Не есть ли это уныние предвестник какой-нибудь страсти, не суждено ли мне еще раз сделать глупость? Почему же глупость? Я б хотел влюбиться, пожалуй, хоть несчастливо, только кажется, что я на свою долю уконтентовался[141] и рано и надолго.

Чего мне надо, чего мне хочется?

Отчего еще одна идея мучит меня, идея славы и литературной известности? Верю ли я в славу, уважаю ли я науку? Способен ли я к труду и успеху, когда по целым дням ни одна сносная идея не посещает моей головы?

<Набросок повести>

Теперь, mon enfant[142], я расскажу историю совершенно по вашему детскому вкусу. В моем рассказе будут и бурные страсти, и свет, и дуэли, и оргии. Говорят, что у нас такие повести вышли из моды, а потому я доволен, что вы незнакомы с русскими книгами.
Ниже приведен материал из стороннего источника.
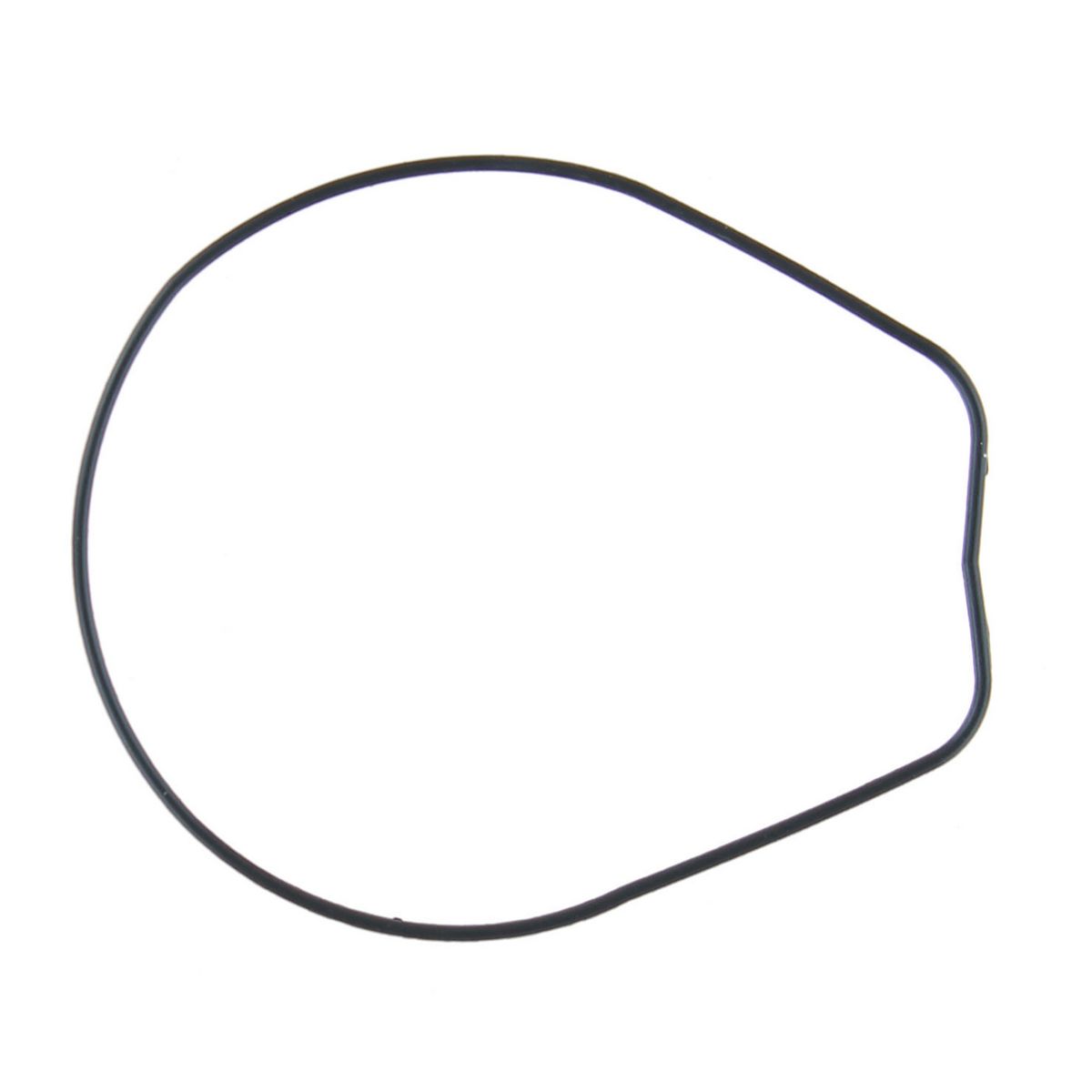 Permaseal Oil Pump Gasket OPG004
Я знал двух людей, ненавидевших друг друга до невероятной степени. Такой ненависти мне не придется увидеть, и она была тем сильнее, что оба старались ее скрывать. Они отзывались друг о друге с холодностью, но при откровенном разговоре выражения каждого получали какое-то враждебное красноречие. За что они так мучились, никто не знал, да и сами они словами не могли этого выразить. И судьба, как в насмешку, беспрестанно их сталкивала.
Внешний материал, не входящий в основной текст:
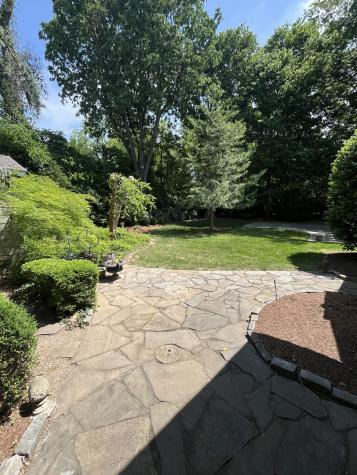 210 Battle Avenue Franklin TN 37064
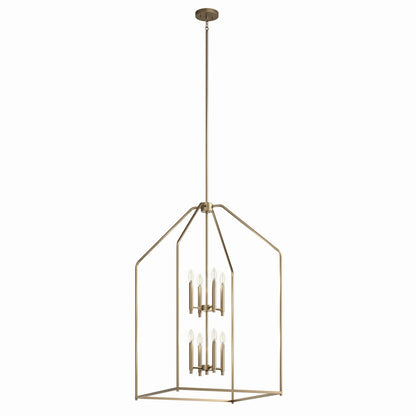 Madden Pendant by Kichler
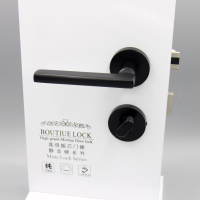 mattblackdoorhandle-4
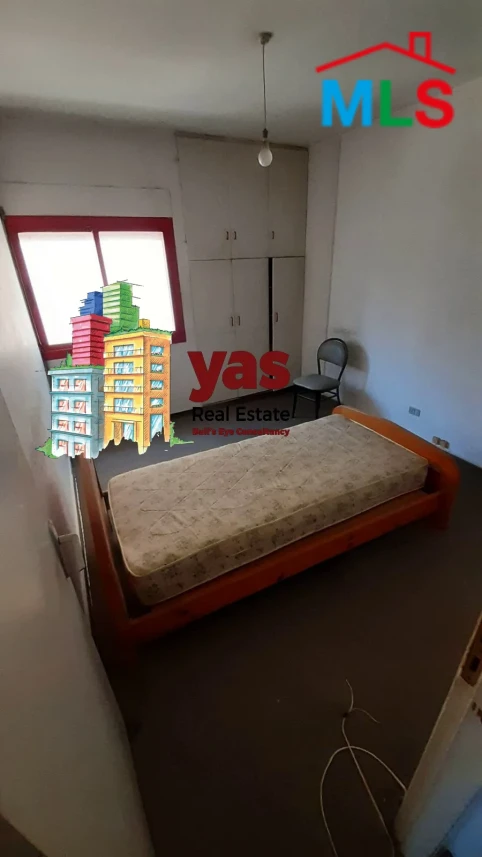 Adonis 160m2 | Well Maintained | Rent | Prime Location | RH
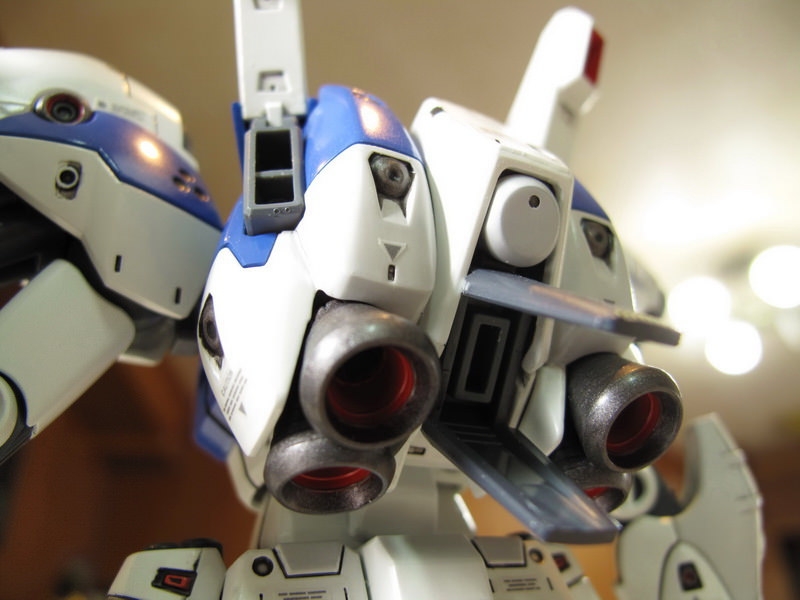 GP04G-06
Один из них был кавалерист, другой служил в пехоте, и оба жили в Петербурге. Вам известно, почему рассказы мои относятся к моим военным воспоминаниям, а потому не взыщите за однообразие.

Оба они были мои классные товарищи, я их застал в самом разгаре довольно смешной школьной вражды, хотя, говорят, одно время были они дружны. Я их...

...своих чувств и по чистоте своих убеждений. Вы, mon enfant, сильно его мне припоминаете, дай бог, чтоб ваша участь была счастливее.

Детство его, как и ваше, прошло не без горя. Брошенный своими полузнатными родителями на руки знатных родственников, он испытал вполне тягость пренебрежения и тягость покровительства. Дурное воспитание, отсутствие родительского участия положили печать хитрости, раздражительности и грусти на его открытый характер. Он еще сохранял многое, мы его любили за его немножко унылую веселость, за привязанность его к своим убеждениям и верованиям.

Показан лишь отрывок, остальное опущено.